UK Prime Minister Kier Starmer (Labour) is busily screwing the pooch. His latest failures are two, and both are related to his choice of Ambassador to the US.

For months, Starmer had insisted that his government followed “due process” in appointing Mandelson as US envoy, telling lawmakers repeatedly that Mandelson had been vetted and cleared by UK security services for the post.
On Thursday, it emerged that Mandelson had, in fact, failed his security clearance but was approved for the job anyway.

Then,

Starmer said Thursday he wasn’t aware Mandelson had failed his vetting process….

That Starmer blamed others for his ignorance and fired a scapegoat is neither here nor there against the enormity of his failures here.

The real upshot is that either Starmer has been lying through his…teeth…or he’s utterly incompetent.

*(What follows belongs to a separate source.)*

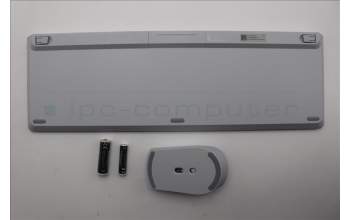 Lenovo 5KM0U88030 AI Keyboard_Mouse, 2.4G, Arabic, Cloud Grey, Darker Wheel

Either one alone demonstrates his unfitness for public office, much less for heading up the British government.

Parliament’s MPs shouldn’t be wasting time nattering on about how Starmer should resign. The MPs should simply dump him with a no-confidence vote. Absent that, they’re as timid, waffle-y, and incompetent or dishonest as Starmer.

Broken Windows Enforcement?

The Trump Doctrine in progress. That’s Matthew Continetti’s thesis in his Free Expression piece, The Trump Doctrine in Action. His subheadline summarizes:

Major military operations in Venezuela and Iran make America, and the world, safer.

This is the mechanism for that increased safety:

Mr Trump cares less about a regime’s structure and ideology—whether it’s authoritarian or democratic, Chavista or Islamist—than its conduct. He cycles between negotiations and war, between economic punishment and military force, until he elicits the desired behavior.

Maybe, though, Continetti’s understanding doesn’t go far enough. Maybe what President Trump (R) is doing is this. Instead of taking on our peer and near-peer enemies directly—they are, after all, the most serious and direct threats to our nation’s sovereignty and freedom–he’s going after their satraps and clients, which weakens those enemies and limits their long-term and larger scale activities.

Is this broken windows enforcement on a nation-level scale? Broken picture windows enforcement, maybe? Or maybe hogwash. We’ll have to see over time whether Russia and/or the People’s Republic of China change their behaviors with the success of one window enforcement—Venezuela—the so far apparent success of another—Iran—and whether the next—Cuba—is attempted and, if so, successful.